I see a lot and I mean A LOT of articles and blog posts written about workout buddies.  A general theme present in these writings is the idea that working out with someone will keep you motivated, accountable, and provide an overall more positive fitness (and weight loss) experience.  Some of these articles cite studies that seem to support their claims.  Others rely on personal experience.  Through and through, though, there seems to be a prevalent belief that having a workout buddy is the optimal way to go.  Rarely do you see an article that argues the opposite.  I’ve looked.  I haven’t seen anything that says “Do it alone!  You’ll get better results!  You’ll be happier and more motivated!  Go at it solo!”

So I’m writing one.Me at start - sharpened a bit

Here’s the deal.  I have no doubt that training partners work wonders for some people.  I’m sure they really do provide a sense of accountability, fun, and motivation for some people.  But, it’s not for everyone.  It’s not for me.

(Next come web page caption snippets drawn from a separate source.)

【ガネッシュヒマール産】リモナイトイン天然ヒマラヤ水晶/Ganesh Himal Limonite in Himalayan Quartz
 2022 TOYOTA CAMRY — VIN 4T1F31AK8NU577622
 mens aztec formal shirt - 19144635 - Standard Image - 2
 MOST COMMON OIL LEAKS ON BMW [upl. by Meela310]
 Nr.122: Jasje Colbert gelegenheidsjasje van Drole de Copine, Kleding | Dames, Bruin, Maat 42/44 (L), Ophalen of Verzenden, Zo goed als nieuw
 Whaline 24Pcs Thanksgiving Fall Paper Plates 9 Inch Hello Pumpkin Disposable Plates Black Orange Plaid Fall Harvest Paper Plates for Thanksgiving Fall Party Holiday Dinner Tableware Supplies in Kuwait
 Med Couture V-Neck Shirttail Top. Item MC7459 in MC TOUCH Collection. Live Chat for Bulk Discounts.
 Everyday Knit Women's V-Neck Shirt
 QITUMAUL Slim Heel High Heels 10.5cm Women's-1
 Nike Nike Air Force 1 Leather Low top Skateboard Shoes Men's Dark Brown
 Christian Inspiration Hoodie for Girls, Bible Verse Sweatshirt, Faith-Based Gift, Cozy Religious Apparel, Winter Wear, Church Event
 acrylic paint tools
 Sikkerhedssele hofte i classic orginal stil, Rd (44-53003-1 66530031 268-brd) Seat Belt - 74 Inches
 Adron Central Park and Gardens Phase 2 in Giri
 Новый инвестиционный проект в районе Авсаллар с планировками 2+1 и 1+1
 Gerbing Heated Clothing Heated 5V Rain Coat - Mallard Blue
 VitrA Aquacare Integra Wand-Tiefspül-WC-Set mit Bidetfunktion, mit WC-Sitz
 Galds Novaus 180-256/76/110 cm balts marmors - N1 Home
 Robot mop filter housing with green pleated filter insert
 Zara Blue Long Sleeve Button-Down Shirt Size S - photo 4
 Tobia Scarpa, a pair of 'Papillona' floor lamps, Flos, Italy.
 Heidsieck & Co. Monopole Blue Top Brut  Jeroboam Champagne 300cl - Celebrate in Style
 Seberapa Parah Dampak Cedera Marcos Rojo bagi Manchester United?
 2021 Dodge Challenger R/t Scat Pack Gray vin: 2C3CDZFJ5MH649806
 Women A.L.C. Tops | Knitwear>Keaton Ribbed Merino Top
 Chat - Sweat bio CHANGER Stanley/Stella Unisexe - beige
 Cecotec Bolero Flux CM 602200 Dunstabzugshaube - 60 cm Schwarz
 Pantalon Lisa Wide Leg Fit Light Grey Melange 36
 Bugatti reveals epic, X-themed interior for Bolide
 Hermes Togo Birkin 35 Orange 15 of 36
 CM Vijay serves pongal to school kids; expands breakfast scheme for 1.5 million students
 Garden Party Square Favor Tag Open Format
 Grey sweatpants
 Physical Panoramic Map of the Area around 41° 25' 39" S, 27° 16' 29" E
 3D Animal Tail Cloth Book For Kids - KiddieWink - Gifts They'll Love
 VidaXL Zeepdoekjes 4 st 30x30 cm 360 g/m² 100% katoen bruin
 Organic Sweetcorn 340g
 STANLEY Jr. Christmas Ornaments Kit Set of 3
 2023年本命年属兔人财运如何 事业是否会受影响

When I set out to drop some excess weight, develop my fitness level, and eventually become a runner, I knew that the only way I was going to be successful was to do it alone.  In the past, when I had made similar attempts, I told people about them.  I followed the advice given in articles that in order to be accountable, I needed to announce my intentions to others.  The idea is that others could encourage me and help me follow through.  But, what really happened, was that I became so conscious of the expectations that others then had of me that I failed completely.  My goals turned into their goals in my head.  Even if they weren’t applying pressure to me, I applied it for them.  If I ate a big piece of cake, I thought, “Oh god, [insert name here] would be so disappointed in me right now.”  If I skipped a workout, I would feel embarrassed and like I had let someone down.  Eventually, I would crack from the pressure and just give it all up, because the idea of continuing to break the commitments that I made to others, to publicly fail at my goals was too much for me.  Essentially, what should have been a personal journey and process turned into anything but personal.

I truly believe that a key factor in making sustainable, permanent changes in my life over the last two years has been to keep quiet about it.  Two years ago (this month marks two years since I began), I set out on some simple goals.  First, I would start to eat healthier.  I would learn more about nutrition and would incorporate changes into my daily diet.  I would cook more.  I would eat less junk.  Then, after a bit, I would start to be more active.  Some time dedicated to walking and short fitness videos has turned into me now training for my first marathon, strength training a few hours a week, and being in the best shape of my life.  And, I did it quietly.

I told only two people about what I was going to do.  I told my partner and our roommate.  They had to know, because quite frankly, there wasn’t any way around it.  I live with them, so they would see what I was doing.  But, other than them, I didn’t tell a soul.  I just started doing.  What this meant was that my goals were solely my own.  No one else was telling me what I should do, shouldn’t do, or what they did that worked/didn’t work.  My successes were solely were my own – allowing me to truly feel accomplished and own the progress I was making.  And, my failures were my own, too.  When I ‘messed up’, it was my choice and my mess to clean up.  I didn’t let anyone else down, other than myself.  That was liberating.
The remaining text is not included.